Tata Consultancy Services

The road to $10 billion.

Top 20 IT services India
Top 20 IT services India Tata Consultancy Services (TCS) is looking to a point in the not-too-distant future where it sits at the top table of IT services alongside IBM, Accenture and Capgemini.

Part of the Tata Group, one of India’s largest companies, whose other interests span tea, cars, steel and telecoms, TCS has set itself the revenue target of reaching $10 billion by 2010. If that seems over-ambitious for a company with revenues likely to hit $3.8 billion this year, then doubters should note that it has actually doubled revenues every two years since 1998.

To get there, the Mumbai-headquartered company needs to become a ‘full-service’ provider – and that is already showing in its revenue mix. Around 54% of its business is derived from the traditional area of application development and maintenance, but its Enterprise Solutions group, where two key focuses are on implementing and enhancing ERP packages and helping companies embrace service-oriented architecture, now generates 12% of revenues. Other core areas include business intelligence at 9% of revenues, infrastructure services rising fast to 6% and business process outsourcing (BPO), where activities have gone from almost zero to 6% of revenues.

Servicing those activities is a well-oiled recruitment machine that last year grew TCS’s workforce by 20,000 to 83,500. The majority of work is on North American client accounts, but the UK is the second largest base (and its most profitable), accounting for 20% of revenues. Key clients include Boots, Somerfield and Virgin Atlantic.

The Tata brand plays heavily to TCS’s advantage.  The company’s staff attrition rate, currently at 10.8%, is by far the lowest of any Indian IT services company – a factor of TCS being perceived among potential recruits as part of a pillar of Indian commerce.

Top 20 IT services India
In terms of customers, TCS has focused its attentions on three key verticals: banking, financial services and insurance (where it derives 44% of revenues), telecoms (17%) and manufacturing (15%). And although it boasts 754 active clients, some are more critical to its success than others.

Its top 10 customers generate 28% of its revenues, with its largest client alone, General Electric, writing cheques this year for over $200 million.

TCS’s jump in BPO activity points to an evolution of its India-centric global sourcing model.
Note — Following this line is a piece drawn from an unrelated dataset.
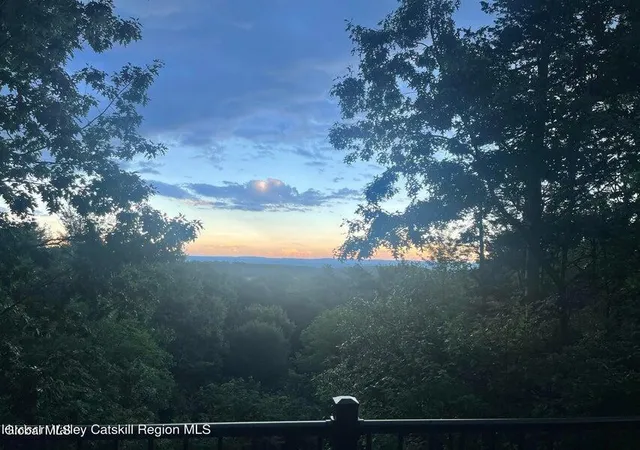 Photo 3 of Single family home for sale at 300 Hinrichsen Heights Rd, Coxsackie, NY 12051 | MLS# 202624861 | Listing updated on 2026-09-02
Its hard-fought deal, signed April 2006, to take on the Pearl Group’s closed-book life and pensions operations, under a new TCS subsidiary, Diligenta, involved the acquisition of 950 UK employees and the occupation of Pearl’s headquarters near Peterborough.

That is just one of the platforms fuelling a turbo-charged growth rate that is currently running at 47%. Even if its pace slows to 40% as it grows TCS will crash through that $10 billion target.